They traveled at night.
Not because it was safer, but because Helian Feng decided it was harder to track a group that moved like ghosts. They avoided lantern roads and stayed on narrow paths where grass soaked their hems and the air smelled of damp earth.
Shen Lu's body still felt strange.
The flame inside him pulsed softly with each breath, not painful, just present. Like a creature curled in his meridians with its eyes half open. When Shen Lu's emotions spiked, it warmed. When he forced himself calm, it cooled.
Gu Li noticed everything.
"Slow," Gu Li ordered the second time Shen Lu's breathing changed.
Shen Lu snapped, "I am slow."
Gu Li's gaze was stern. "Slower."
Pei Xun muttered, "Healers are tyrants."
Gu Li didn't even look at him. "And you're alive."
Pei Xun shut up.
Tang Ye walked on Shen Lu's other side, close enough to make Shen Lu feel crowded. Tang Ye's cheer had returned in small, cautious flickers, like he was testing whether the world would punish him for smiling.
His fox padded ahead, tail swaying, and occasionally shoved its shoulder against Shen Lu's knee as if checking he was still there.
In Shen Lu's mind: Don't trip. I don't want to carry you.
Shen Lu thought back, dry: You can carry your own ego.
The fox sounded pleased. You're improving.
Xie Han kept drifting from the back to the side to the front, never staying in one place long, like he didn't trust stillness. He kept tapping his metal fan lightly, that crisp sound cutting through the night.
Helian Feng led without looking back.
He didn't need to.

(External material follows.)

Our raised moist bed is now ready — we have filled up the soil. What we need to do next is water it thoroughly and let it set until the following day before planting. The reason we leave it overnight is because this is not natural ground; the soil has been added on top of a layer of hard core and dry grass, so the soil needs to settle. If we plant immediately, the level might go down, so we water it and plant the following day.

Shen Lu followed anyway.
By dawn, the path dropped into a valley where mist hung low and the sound of bells drifted faintly. Not temple bells.
Market bells.
A city was waking.
Stone walls rose ahead, tall and dark, with a gate that had been repaired too many times. Above it hung a wooden plaque with carved characters Shen Lu refused to read out loud, because he'd promised himself: English only.

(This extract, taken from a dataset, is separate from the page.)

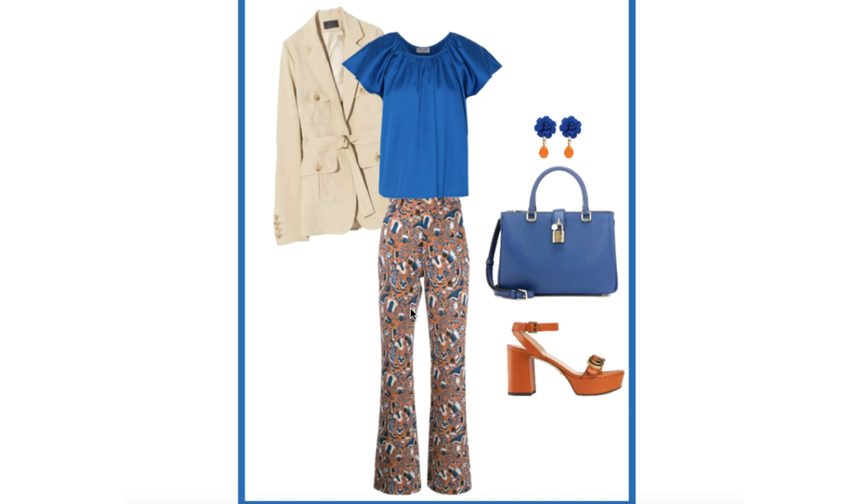If you want to go to the site to get pinnable graphics you can, and consider looking at all of the benefits of the Color Style Membership. I'm Jen Vax — thanks so much for watching.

Pei Xun squinted. "This place smells like money."
Tang Ye brightened. "Cities always smell like money."
Gu Li's voice stayed stern. "And trouble."
Xie Han smiled faintly. "Finally. Somewhere interesting."

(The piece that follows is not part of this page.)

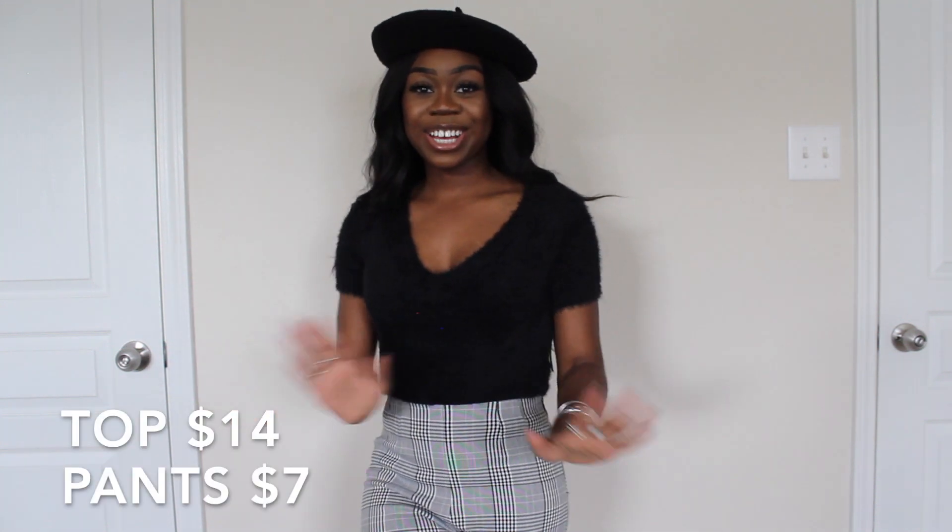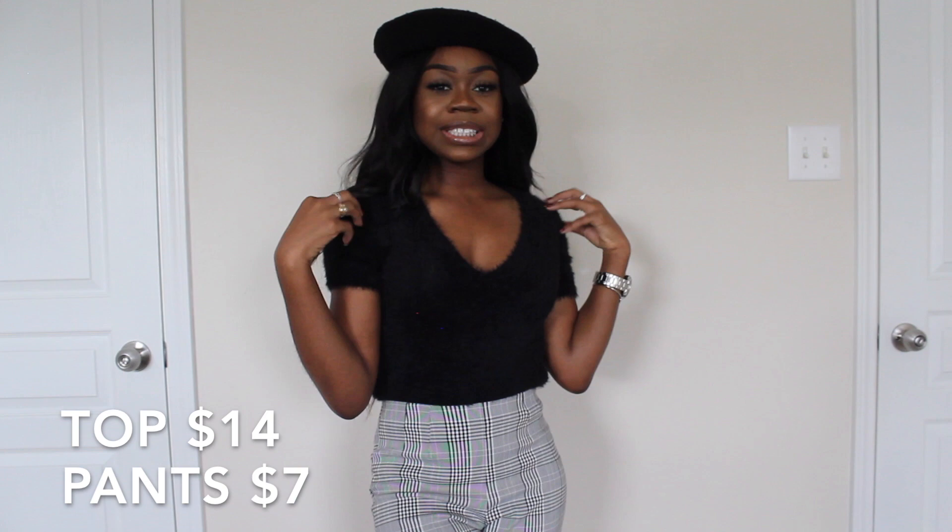Here is the next outfit — I really love this one. It's a fuzzy kind of sweater top that I tucked into some pants. I'm really excited about these pants because they're actually short enough for me. I'm 5'1 and very small, so pants being short enough for me is a rare occurrence. I'm impressed that they fit perfectly.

Helian Feng's gaze swept the gate guards. "Masks."
Shen Lu's throat tightened.
Of course.
Everyone here wore half-masks or cloth veils, like fashion.
No.
Like habit.
Like the city wanted anonymity the way hungry people wanted rice.
Tang Ye leaned in toward Shen Lu and whispered, amused, "Perfect for you."
Shen Lu didn't laugh.
Because he remembered the ink web.
Second transaction pending.
He remembered the hunters calling him "masked alchemist" like a title.
This city felt like the kind of place where titles became chains.
They entered anyway.
Inside, the streets were narrow and busy, vendors calling, carts rolling, spirit lamps flickering weakly in the morning haze. Low-grade spirit stones clinked in cups and pouches; the sound was everywhere, soft and constant, like rain.
Shen Lu kept his head down.
He didn't want eyes on him.
But he felt them anyway.
Not just normal curiosity.
A different kind of attention, like the city itself had a nose for secrets.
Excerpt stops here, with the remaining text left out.